▸ **Records**:
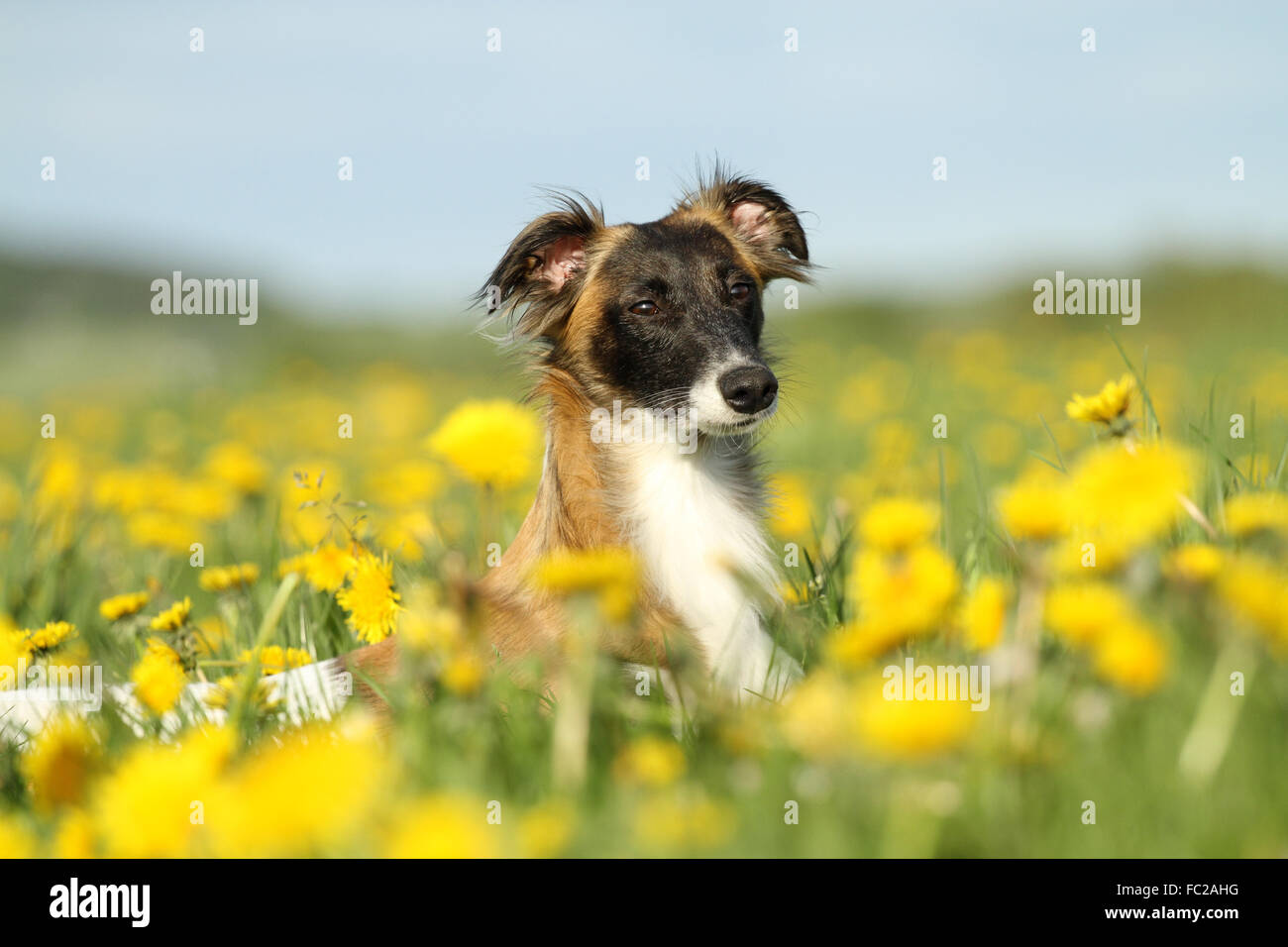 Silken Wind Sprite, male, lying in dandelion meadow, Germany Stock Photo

* * *

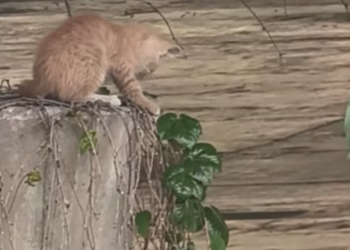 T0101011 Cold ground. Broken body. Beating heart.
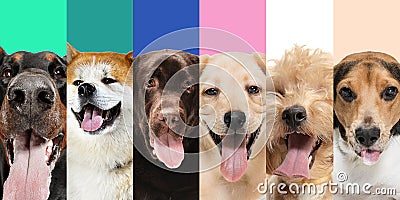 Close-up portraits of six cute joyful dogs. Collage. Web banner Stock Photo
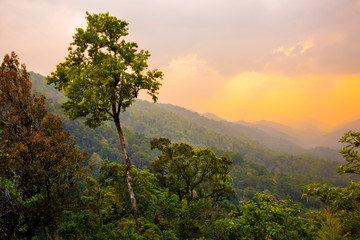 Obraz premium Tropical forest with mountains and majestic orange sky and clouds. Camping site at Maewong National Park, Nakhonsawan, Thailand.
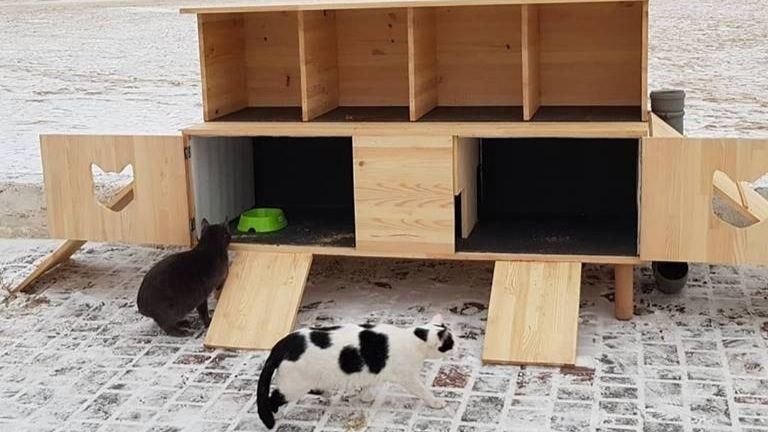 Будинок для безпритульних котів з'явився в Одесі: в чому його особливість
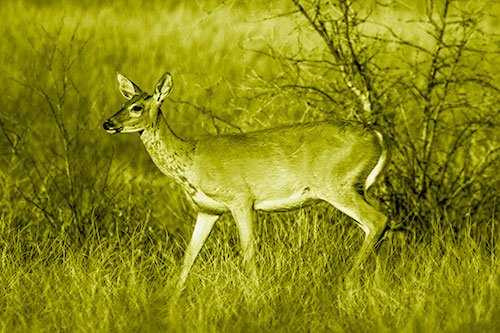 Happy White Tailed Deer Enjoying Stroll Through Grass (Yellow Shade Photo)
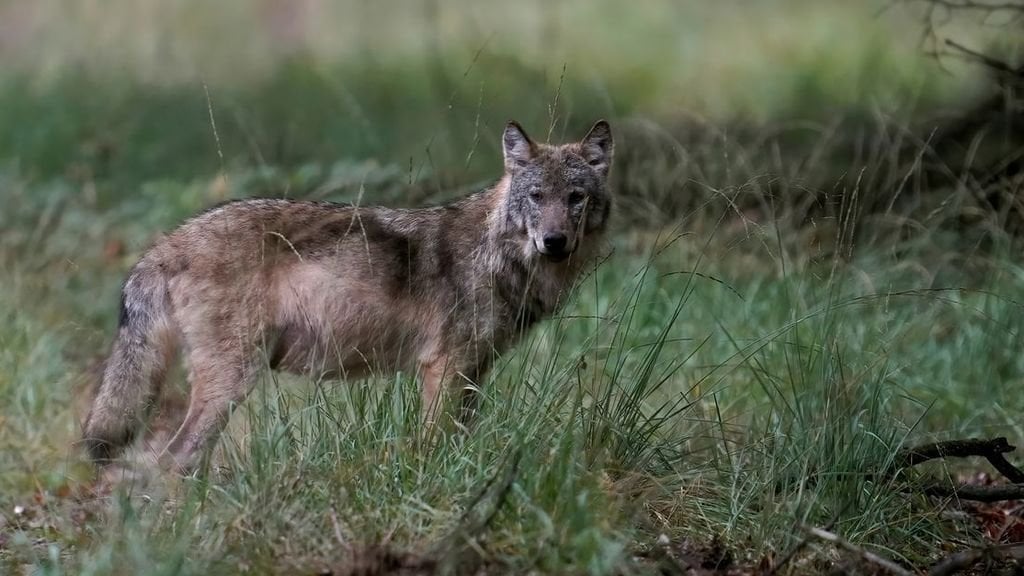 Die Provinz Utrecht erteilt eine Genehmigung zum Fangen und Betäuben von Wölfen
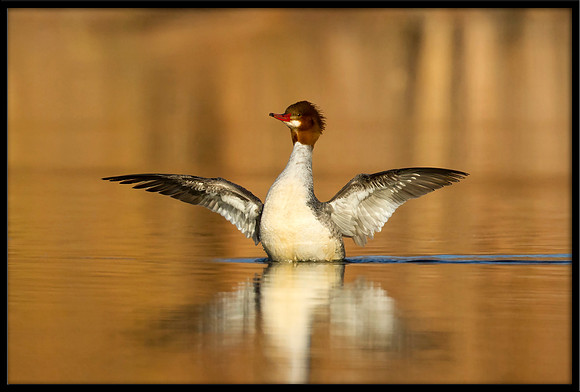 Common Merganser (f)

...

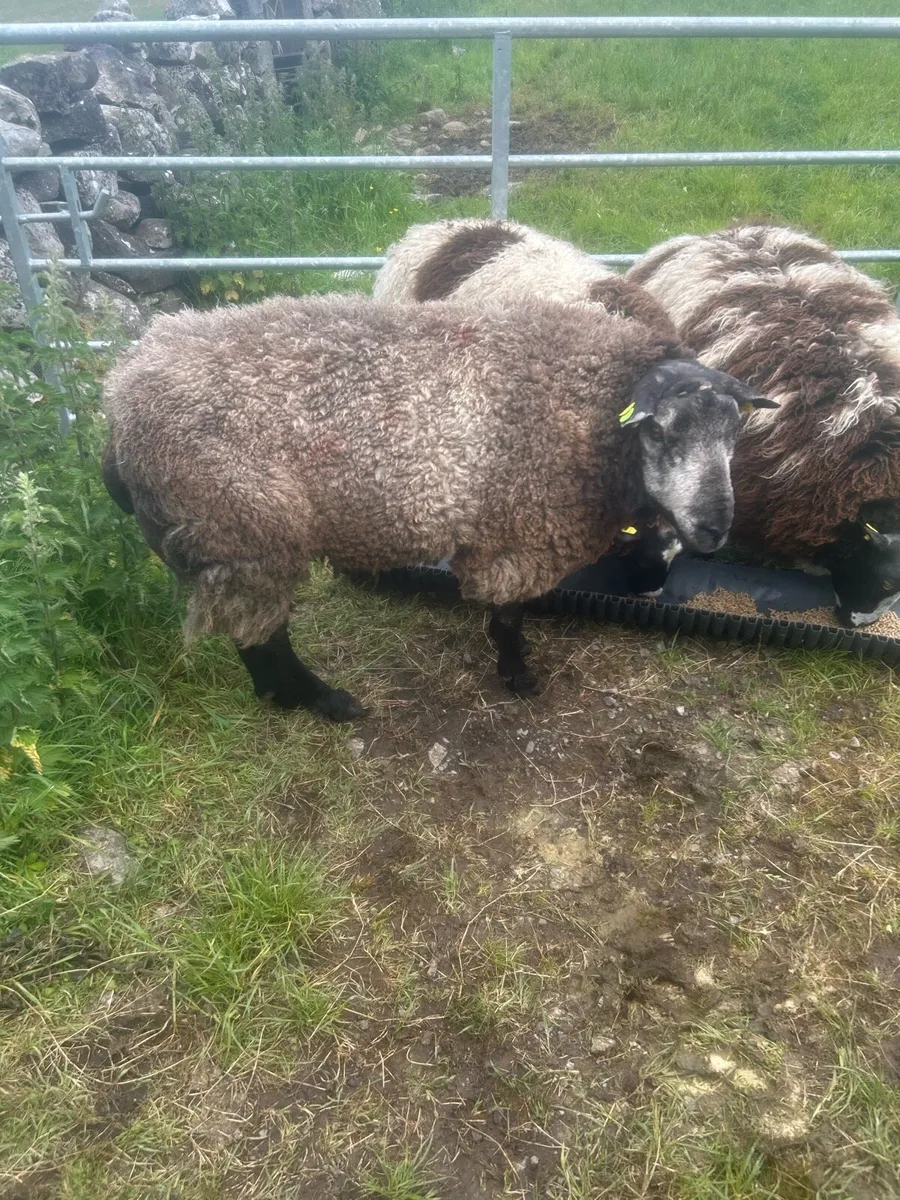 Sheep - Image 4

▸ **Task to complete**: Leaving each picture behind, please give again exactly the lines above from the one with "Close-up portraits of" through the one with "Obraz premium Tropical", both included, and no others.

▸ **Response**:
 Close-up portraits of six cute joyful dogs. Collage. Web banner Stock Photo
 Obraz premium Tropical forest with mountains and majestic orange sky and clouds. Camping site at Maewong National Park, Nakhonsawan, Thailand.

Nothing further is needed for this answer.